Exercise: After locating the line that holds "vidaXL sonoma tölgy", repeat it and each following line exactly until the material ends, skipping pictures.

Data shown:

◇ ◇ ◇ ◇ ◇

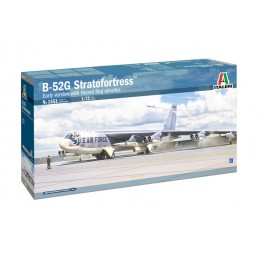 B-52G Stratofortress Start of production 1/72 Italeri Italeri I1451 - 2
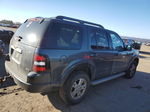 2010 Ford Explorer Xlt Gray vin: 1FMEU7DE2AUA39414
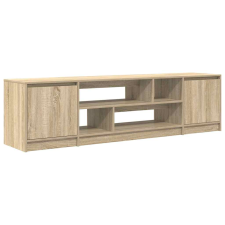 vidaXL sonoma tölgy színű szerelt fa TV-szekrény 188,5x41x50 cm (3328419) bútor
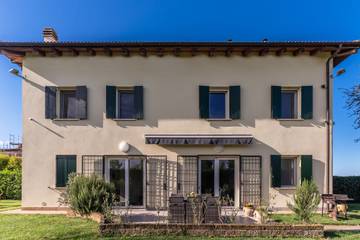 Casa Vacanza per 4 Persone in Malalbergo, Provincia di Bologna, Foto 4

◇ ◇ ◇ ◇ ◇

Solution:
 vidaXL sonoma tölgy színű szerelt fa TV-szekrény 188,5x41x50 cm (3328419) bútor
 Casa Vacanza per 4 Persone in Malalbergo, Provincia di Bologna, Foto 4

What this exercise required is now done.